BOND: I know when one of those meetings and I only know the vaguest thing about this, there was objection to Bayard Rustin playing a prominent role because he was homosexual, had been a communist and was a radical pacifist. Do you remember this?

LEWIS: Oh, I remember that meeting very very well. That was one of the first meetings. I can tell you that meeting was held on July 2nd, 1963 at the Roosevelt Hotel in New York City and it was the six of us meeting and Roy Wilkins and Whitney Young objected to the whole idea of being Bayard Rustin being a convener, the chair or the head of the call for the March on Washington and so we had what you'd call I guess a consultation, a little caucus, of Dr. King, James Farmer and myself, and we sort of agreed that we would select A. Philip Randolph as the chair and then let A. Philip Randolph pick this person because some of us didn't have any problem. We didn't have any problem with Bayard Rustin being the chair, but they thought that some members of Congress, especially southern senators, would get on the Senate floor and some of them did much later, get on the floor and denounce the March or denounce Bayard Rustin being associated with it, but we knew that if we selected Mr. Randolph as the convener, Mr. Randolph in turn would select Mr. Rustin as his deputy. It was Bayard Rustin who literally put together the March on Washington for August 28, 1963.
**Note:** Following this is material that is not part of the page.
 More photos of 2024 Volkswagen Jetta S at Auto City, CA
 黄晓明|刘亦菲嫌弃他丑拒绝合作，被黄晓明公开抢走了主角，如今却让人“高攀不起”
BOND: There's probably no one else who could've carried off such an enormous organizational job as Bayard Rustin.

LEWIS: I don't think we had anyone else available. He was one of a kind. He was so-- So smart, so brilliant. I remember one occasion, Julian, where we were discussing the planning for the March. We were so concerned about everything. He was concerned with things like people having some place to eat and everybody on the stage having a chair and that type of thing and the microphones and people getting in and out, how many buses, how many trains and that type of thing and at one point, he said, "how many toilets?" He said, "we can't have any disorganized pissing in Washington."

BOND: You know, I just read something that he said about Martin Luther King. He said, "King couldn't organize vampires to come to a bloodbath," and I think it may have been because he himself was such a superb organizer and could organize anything.

LEWIS: He was skilled. He could be talking on two and three telephones at the same time, you know, here and there. He was very skillful and he had the ability, the capacity to bring people together.